Agile Software Development

In 2001, a group of individuals, representing the most widely used lightweight software development methodologies, agreed on a common set of values and principles which became known as the Manifesto for Agile Software Development or the Agile Manifesto [Agilemanifesto].
The Agile Manifesto contains four statements of values:

  1.  Individuals and interactions over processes and tools 

  2.  Working software over comprehensive documentation 

  3.  Customer collaboration over contract negotiation

  4.   Responding to change by following a plan 


Agile Manifesto values

  1.  Our highest priority is to satisfy the customer through early and continuous delivery of valuable software. 

  2.  Welcome changing requirements, even late in development. Agile processes harness change for the customer's competitive advantage. 

  3.  Deliver working software frequently, at intervals of between a few weeks to a few months, with a preference to the shorter timescale.  

  4. Business people and developers must work together daily throughout the project. 

  5.  Build projects around motivated individuals. Give them the environment and support they need, and trust them to get the job done.  

  6. The most efficient and effective method of conveying information to and within a development team is face-to-face conversation. 

  7.  Working software is the primary measure of progress. 

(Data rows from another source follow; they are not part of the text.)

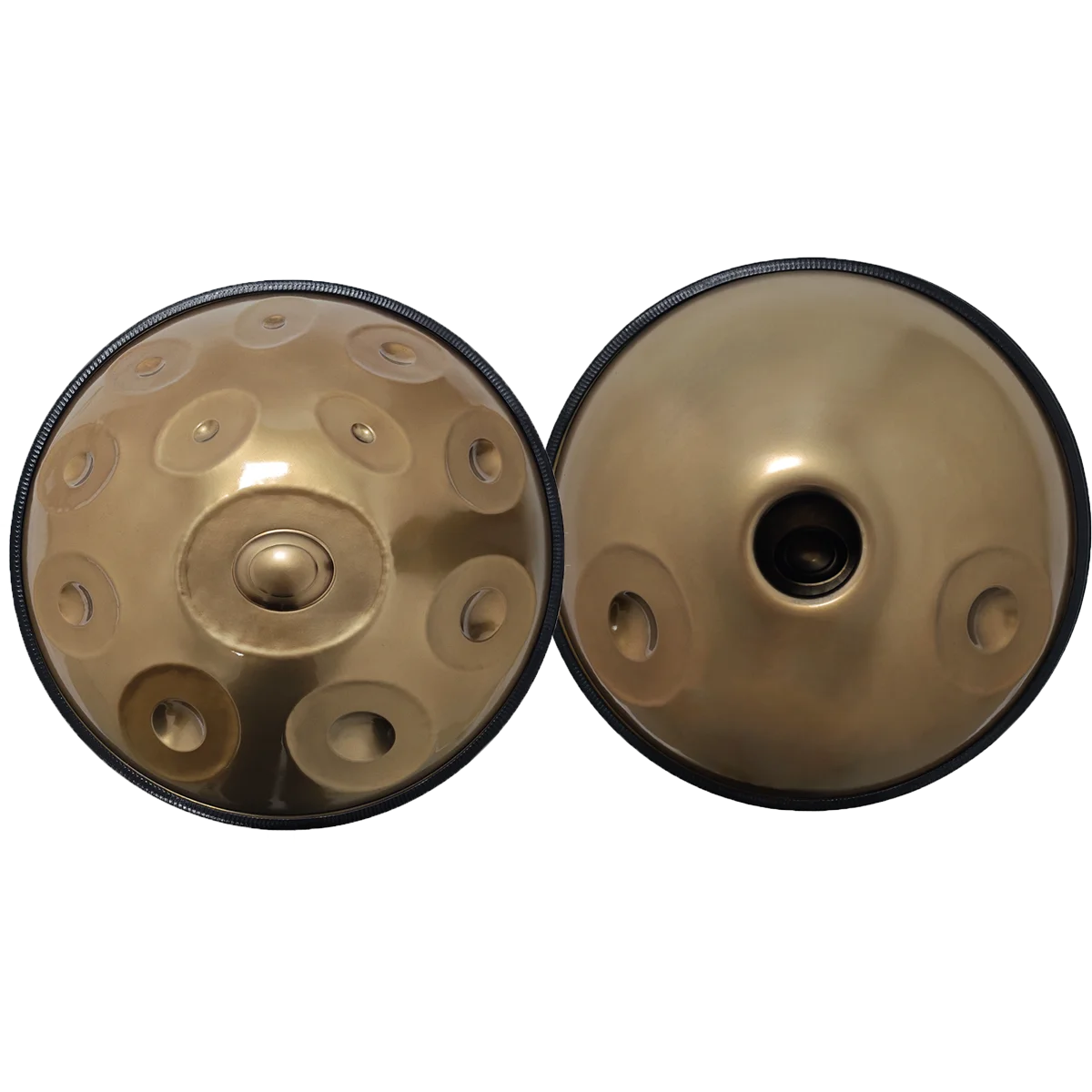 14(12+2) Pro Series Handpan 14 with Good Bag Drum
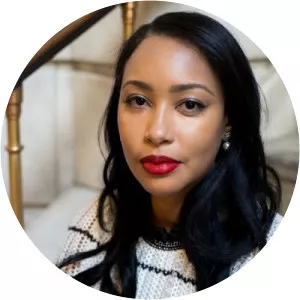 Safiya Sinclair - Author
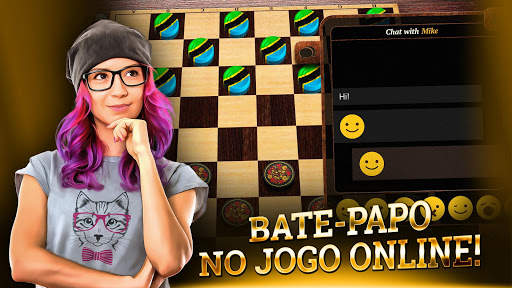 Damas Online Elite screenshot 5
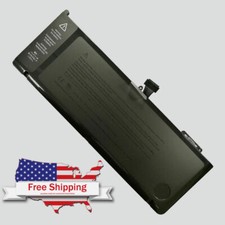 Apple Battery A1382 661-5844 Apple MacBook Pro 15" A1286 2011 2012 Genuine OEM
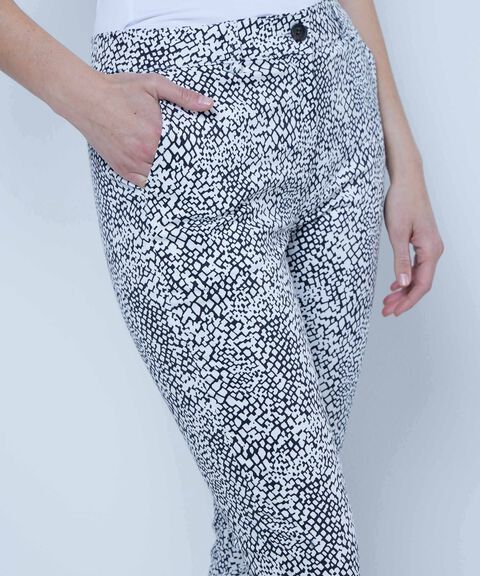 pantalon para mujer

  8.  Agile processes promote sustainable development. The sponsors, developers, and users should be able to maintain a constant pace indefinitely.  

  9. Continuous attention to technical excellence and good design enhances agility.  Simplicity—the art of maximizing the amount of work not done—is essential. 

  10.  The best architectures, requirements, and designs emerge from self-organizing teams. 

  11.  At regular intervals, the team reflects on how to become more effective, then tunes and adjusts its behavior accordingly

The different Agile methodologies provide prescriptive practices to put these values and principles into action

  Whole-Team Approach

The whole-team approach means involving everyone with the knowledge and skills necessary to ensure project success. The team includes representatives from the customer and other business stakeholders who determine product features. The team should be relatively small; successful teams have been observed with as few as three people and as many as nine.

Its benefits include: 

  1. Enhancing communication and collaboration within the team  

  2. Enabling the various skill sets within the team  

  3. Making quality everyone’s responsibility

Early and Frequent Feedback

When sequential development approaches are used, the customer often does not see the product until the project is nearly completed. At that point, it is often too late for the development team to effectively address any issues the customer may have. By getting frequent customer feedback as the project progresses, Agile teams can incorporate most new changes into the product development process. Early and frequent feedback helps the team focus on the features with the highest business value, or associated risk, and these are delivered to the customer first

The benefits of early and frequent feedback include:

  1.  Avoiding requirements misunderstandings, which may not have been detected until later in the development cycle when they are more expensive to fix.  Clarifying customer feature requests, making them available for customer use early. This way, the product better reflects what the customer wants. 

  2. Discovering (via continuous integration), isolating, and resolving quality problems early.  

  3. Providing information to the Agile team regarding its productivity and ability to deliver.